# Forum Other Languages Germanic languages English  order problem

## kamka

I've ordered sth from an internet shop, and it's not been delivered, so I complained twice.
This time I got this reply, that I'm not quite sure I understand correctly, any help, please?  ::  
To ensure that your order is delivered quickly and isn't held up by customs clearance procedures, we create a replacement order with charges when an international order is lost, damaged, or incorrect. The charge for this order is $33.94. We're also refunding the same amount ($33.94) to your original order. Both the charge and refund will be applied to the credit card used on the original order; the refund should be processed within the next 2-3 business days.

----------


## paulb

> I've ordered sth from an internet shop, and it's not been delivered, so I complained twice.
> This time I got this reply, that I'm not quite sure I understand correctly, any help, please?  
> To ensure that your order is delivered quickly and isn't held up by customs clearance procedures, we create a replacement order with charges when an international order is lost, damaged, or incorrect. The charge for this order is $33.94. We're also refunding the same amount ($33.94) to your original order. Both the charge and refund will be applied to the credit card used on the original order; the refund should be processed within the next 2-3 business days.

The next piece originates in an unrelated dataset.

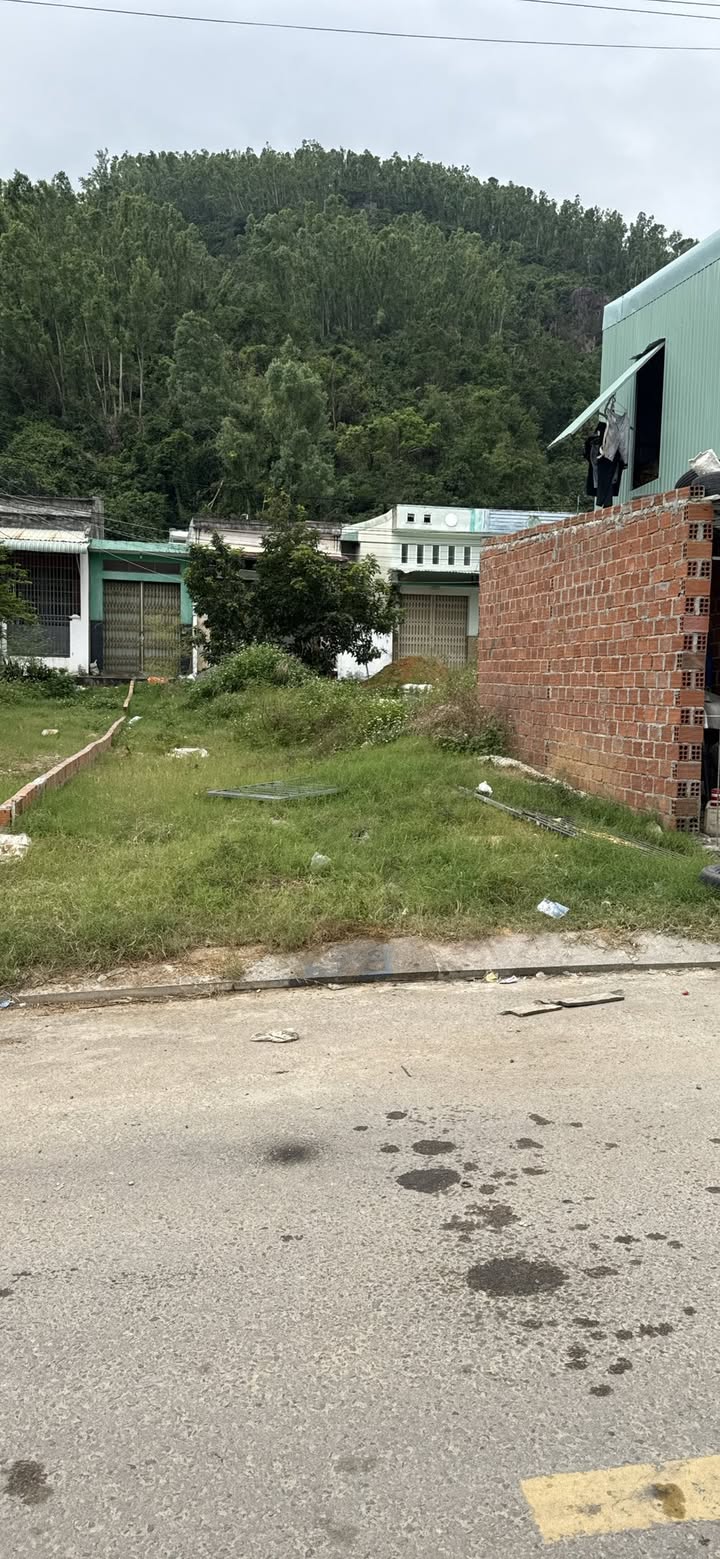 Đất 2 mặt tiền Khu Gara Quy Nhơn 110m² giá 4.55 tỷ - Vị trí đẹp, kinh doanh thuận lợi!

 I can't explain what the company is thinking, but they say they will give you a charge and a credit on your credit card and send another item to you. That should mean that you don't pay any money. There is probably something about customs procedures that prevents them from sending an item for free, so they charge you for it and also give you a refund. 
In other words, you just have to wait a little longer.

----------


## kamka

I wonder if they do it on purpose to make it sounds so bloody complicated :/ 
anyway, thanks a lot  ::

----------